Chablis is an exquisite white wine hailing from the Burgundy region of France – an area which, along with Bordeaux, is also home to some of France’s longest-established and most highly acclaimed vineyards. Whilst this wine is made with 100% Chardonnay grapes, it has very little in common with the powerful wines of the same name produced in the US and Australia for example. Indeed, Chablis provides a masterclass in the concept of ‘terroir’ and its importance for the resulting wine. This notion is generally understood as a wine’s ‘sense of place and can be resumed as the environmental and geographical factors that give a particular wine its unique character. In the case of Chablis, this involves the particularly calcareous nature of the soil in the region – a land full of marine fossils dating back over 140 million years to the Jurassic period. Indeed, the characteristic minerality of a Chablis wine, which calls to mind the sea, is generally attributed to the fossilised crustaceans which permeate the ground upon which these grapes are grown.
How is Chablis classified? Chablis has a special classification system which includes various categories, each with its own characteristics and area of production. These are Petit Chablis, Chablis, Premier Cru and Grand Cru, in order of increasing prestige (and, unsurprisingly, price). The grapes used to make Grand Cru Chablis wines are cultivated at around 200 meters above sea level, in more calcareous soils, whereas those used in Petit Chablis wines tend to be grown lower down on the slopes, where the ground is marlier. When it comes to flavor, this results in greater minerality in the case of the former, and fruitier notes in the case of the latter.

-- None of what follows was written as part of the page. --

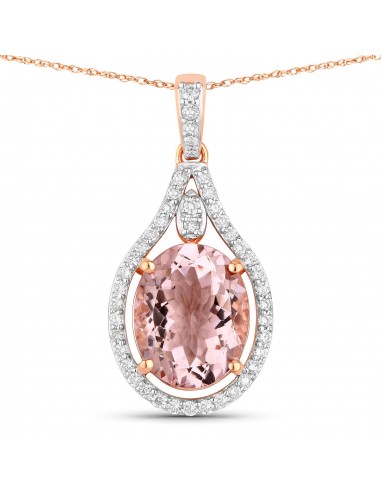 2.58 Carat Genuine Morganite and White Diamond 14K Rose Gold Pendant une grave pollution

A good compromise can be found in the Premier Cru Chablis wines, of which a greater amount is produced (relative to the Grand Cru). Indeed, around 40 vineyards hold this status, making this a more accessible but immensely delicious entry point. Try Samuel Billaud’s ‘Les Vaillons’ or ‘Montée de Tonnerre’, or La Chablisienne’s ‘Fourchaume’ for example. Other highly regarded winemakers in this sector include Bernard Defaix and Domaine Servin.
What are the characteristics of Chablis wines? Chablis wines are generally unoaked, or only very slightly so, allowing their elegant minerality and flintiness to come to the fore. Notes of apple and pear are often present, along with quince (a.k.a. membrillo), starfruit and white blossom. Forget the butteriness commonly associated with New World Chardonnays. Even in the older Grand Crus which may have seen some oak, the emphasis is on a clean flavour profile, with the wood adding just a hint of smokiness at the end.
What food goes well with Chablis? Shellfish is a marriage made in heaven for this wine, in particular oysters. Dishes based around fish and seafood in general are particularly well-suited to this wine. Try it alongside sushi or sashimi for a more modern twist. Additionally, the wine’s high acidity makes it a good complement for light, creamy sauces – such as in a chowder, or tarragon chicken dish – and white pepper.
So dive right in – if you’re new to Chablis you’re in for a treat, and if you’re already an old hand, you’re bound to find a new favourite!